**Goal of the exercise:** The reply must consist of the lines from the first line of the records through the line containing "And then finally, it", copied exactly, with every picture omitted.

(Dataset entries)
Segment Open
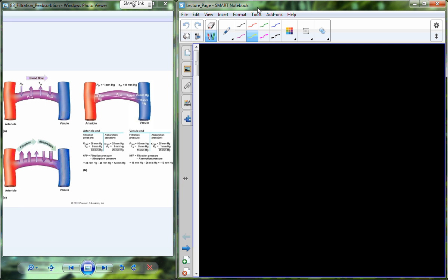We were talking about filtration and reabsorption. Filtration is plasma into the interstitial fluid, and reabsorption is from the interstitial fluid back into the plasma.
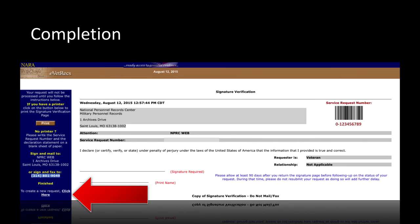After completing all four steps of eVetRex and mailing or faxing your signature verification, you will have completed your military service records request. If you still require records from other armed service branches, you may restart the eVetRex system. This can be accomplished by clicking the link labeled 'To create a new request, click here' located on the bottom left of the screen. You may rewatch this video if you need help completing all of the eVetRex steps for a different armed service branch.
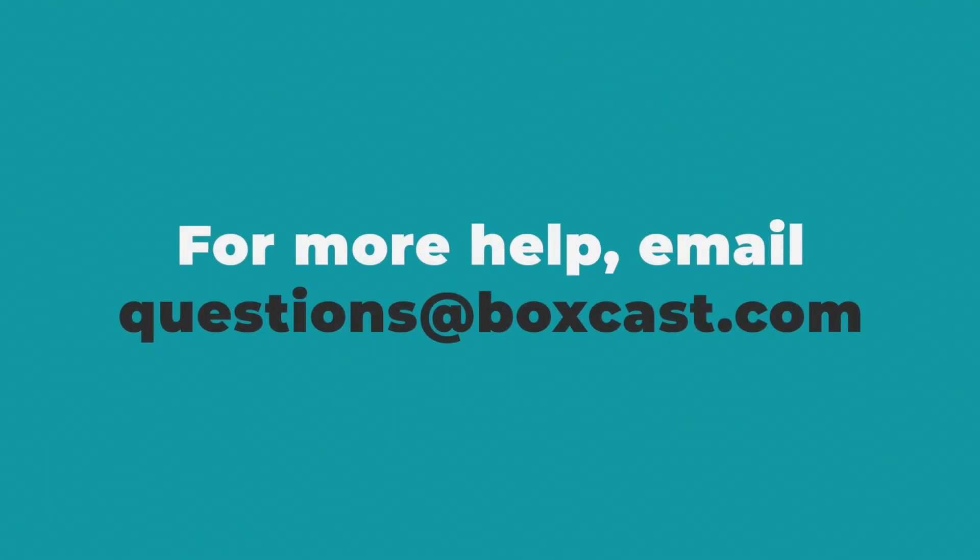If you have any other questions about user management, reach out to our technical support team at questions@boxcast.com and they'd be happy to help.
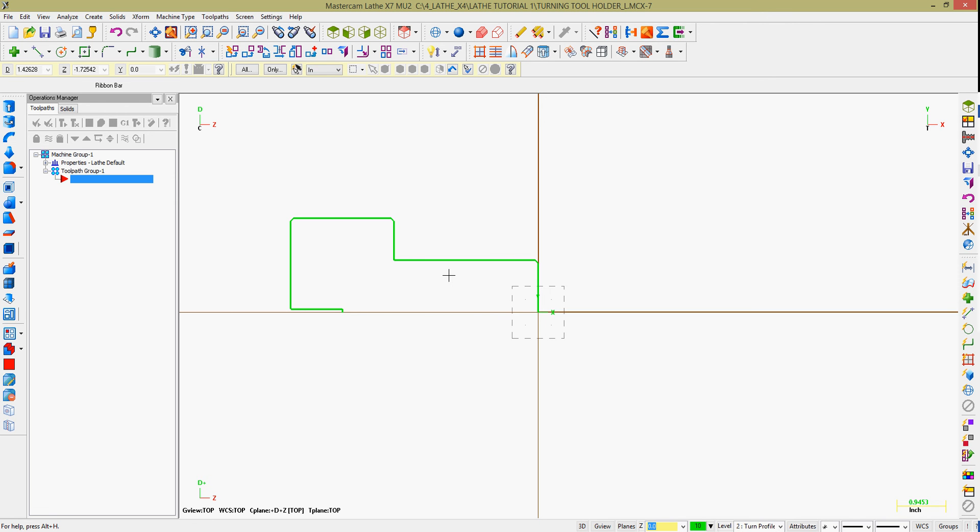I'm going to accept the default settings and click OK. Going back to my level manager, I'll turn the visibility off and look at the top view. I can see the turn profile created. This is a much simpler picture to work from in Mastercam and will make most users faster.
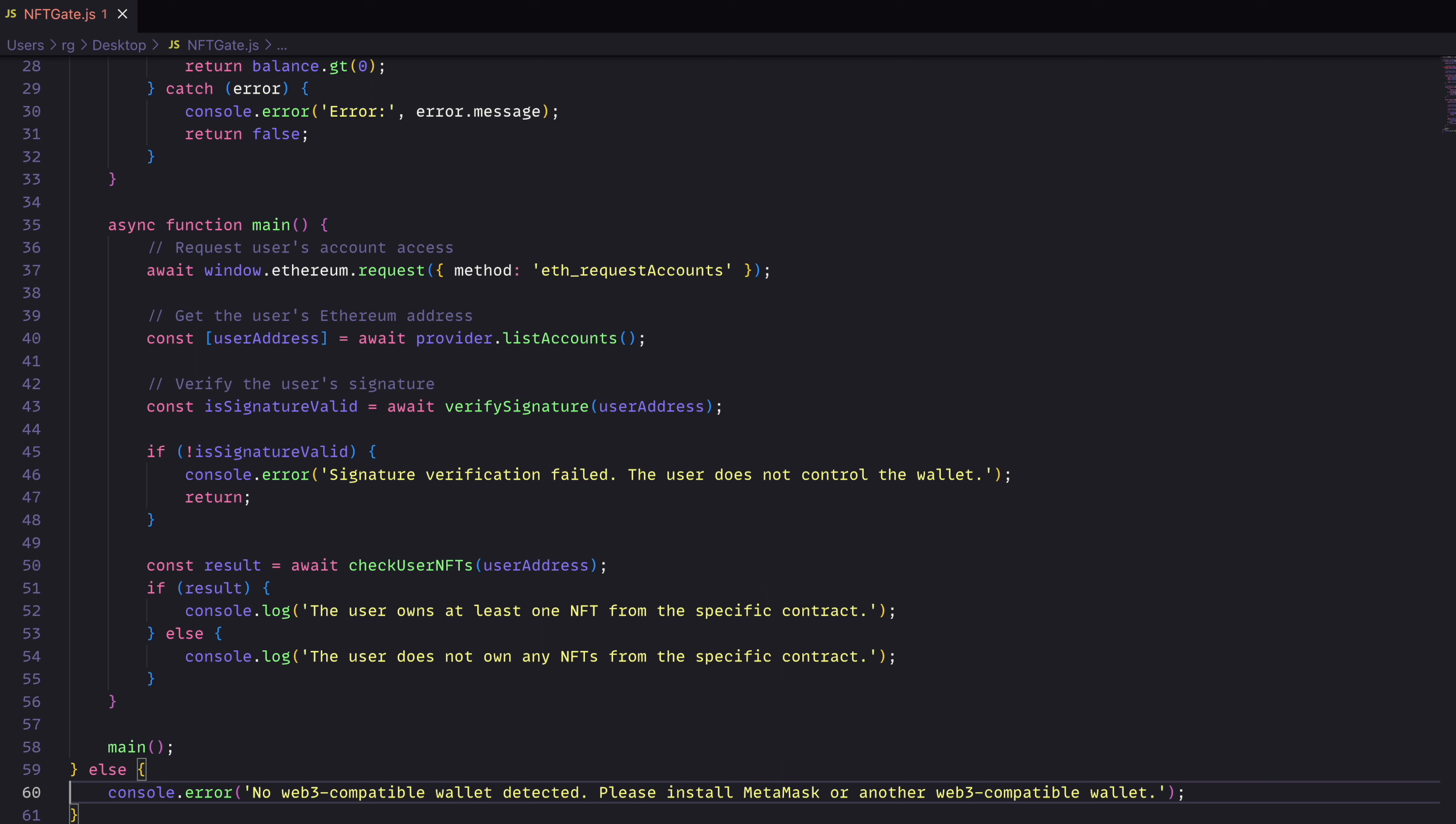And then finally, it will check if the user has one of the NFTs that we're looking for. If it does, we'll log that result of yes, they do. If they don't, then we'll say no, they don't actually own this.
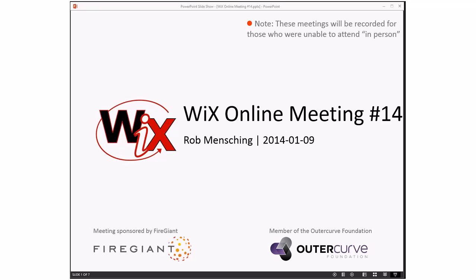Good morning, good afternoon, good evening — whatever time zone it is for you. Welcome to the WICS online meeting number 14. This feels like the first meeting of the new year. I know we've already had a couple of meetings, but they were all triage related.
Segment Closed
**Answer to the exercise:**
We were talking about filtration and reabsorption. Filtration is plasma into the interstitial fluid, and reabsorption is from the interstitial fluid back into the plasma.
After completing all four steps of eVetRex and mailing or faxing your signature verification, you will have completed your military service records request. If you still require records from other armed service branches, you may restart the eVetRex system. This can be accomplished by clicking the link labeled 'To create a new request, click here' located on the bottom left of the screen. You may rewatch this video if you need help completing all of the eVetRex steps for a different armed service branch.
If you have any other questions about user management, reach out to our technical support team at questions@boxcast.com and they'd be happy to help.
I'm going to accept the default settings and click OK. Going back to my level manager, I'll turn the visibility off and look at the top view. I can see the turn profile created. This is a much simpler picture to work from in Mastercam and will make most users faster.
And then finally, it will check if the user has one of the NFTs that we're looking for. If it does, we'll log that result of yes, they do. If they don't, then we'll say no, they don't actually own this.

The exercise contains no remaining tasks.